|Formed as a side-project by Barnes and Obituary guitarist Allen West in 1993, Six Feet Under took on a different complexion when Barnes was ousted from his then-priority band, Cannibal Corpse in 1995. The semblance of the side-super group-turned leaders of the resurgent death metal underground changed once more in January 1998 when West left the band. Enter former Massacre guitarist Steve Swanson. "Steve learned 17 songs in the three weeks leading up to tour," he says. "Our songs may not be the most technical [pieces] ever written, but Steve performed them on the road like he had been playing them for years."
Ironically, when the band first gathered in Tampa, Florida to begin writing tracks for what would eventually become Maximum Violence, they were at a loss.
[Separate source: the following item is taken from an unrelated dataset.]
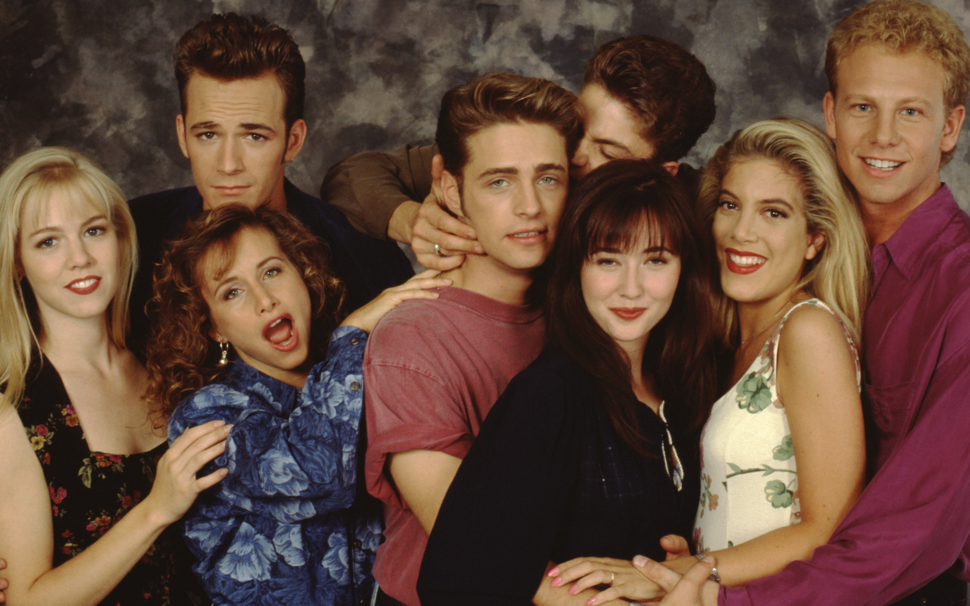 Jennie Garth, Gabrielle Carteris, Luke Perry, Jason Priestley, Brian Austin Green, Shannen Doherty, Tori Spelling and Ian Ziering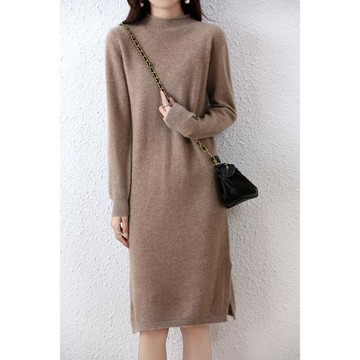 高端100%自由卷邊領開叉連衣裙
Would they continue down the experimental path they had headed on 1997's Warpath or would they return to their cutting-edge death metal roots? "We had a new guitarist, so the songwriting assignments had changes considerably," recalls Barnes. "We went back and forth trying different stuff. But eventually things came together in a big way." Not only has Barnes has returned to his roots vocally, but as evident on songs such as "Hacked to Pieces" and "Bonesaw," his trademark gory lyrics are also back. "My words are an extension of what I'm feeling at [a given] time," he explains. "That is the way it has always been. My lyrics are comprised of thoughts, fantasies and fictional notes. People will get them when they read the lyrics."
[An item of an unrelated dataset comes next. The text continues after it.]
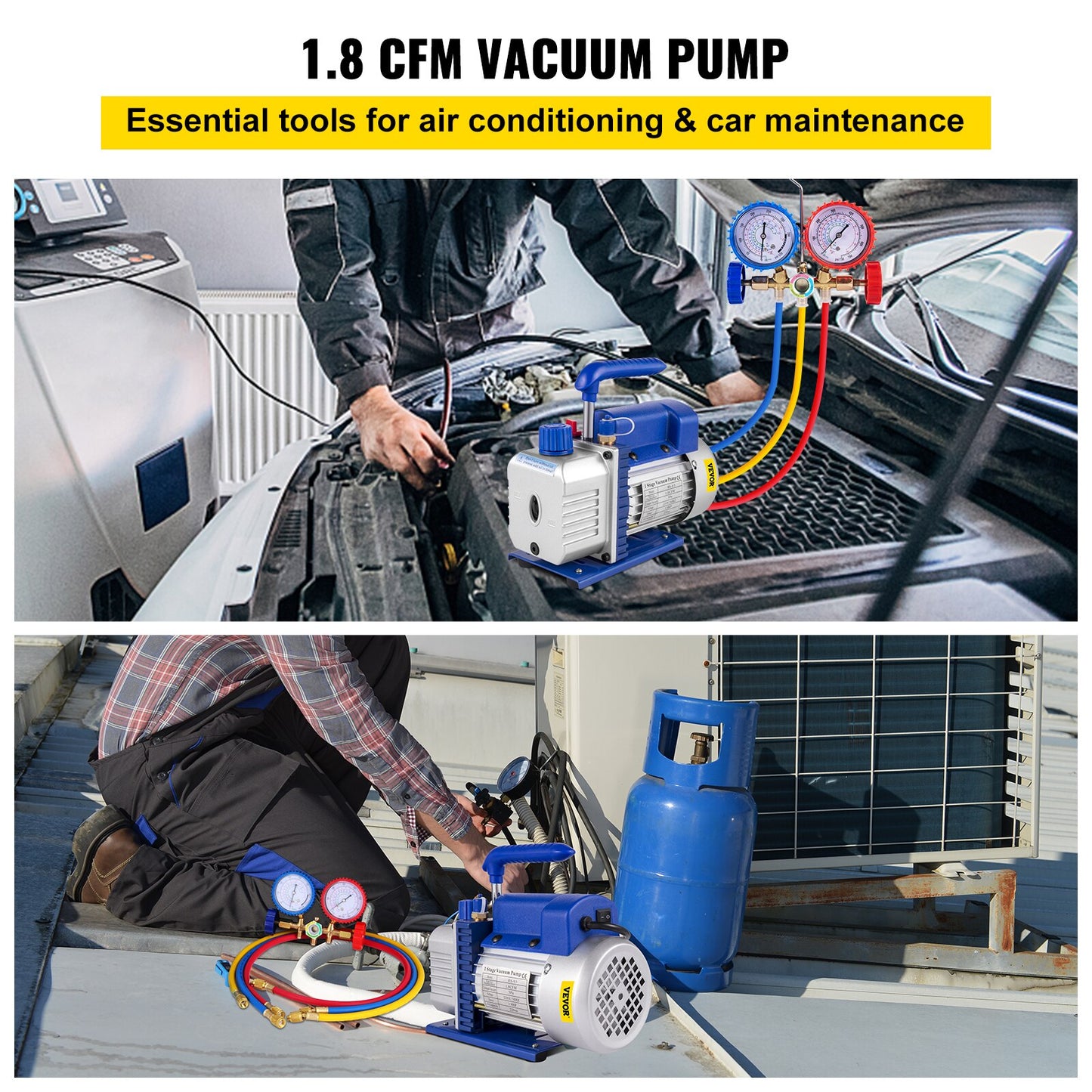 Kits de bomba de vácuo refrigerante VEVOR 1.8-4.8CFM refrigeração HVAC 1/3 1/4 HP com manômetro para ar condicionad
Maximum Violence was recorded from February-March 1999 at Criteria Studios in Miami and was produced by the band and Metal Blade head Brian Slagel. "We recorded a couple of songs for the EP [1996's Alive and Dead] there," says Barnes. "It's a really comfortable studio with a real good vibe. The obvious thing for us would have been to stay local and record at Morrisound. But we thought of ourselves as a new band and wanted to start off fresh." A limited-edition' digi-pack version of Maximum Violence is also available, containing two covers, Iron Maiden's "Wrathchild" and a cover of Thin Lizzy's "Jailbreak," which are in addition to a reverent rendition of Kiss' "War Machine," which appears on all versions of the album.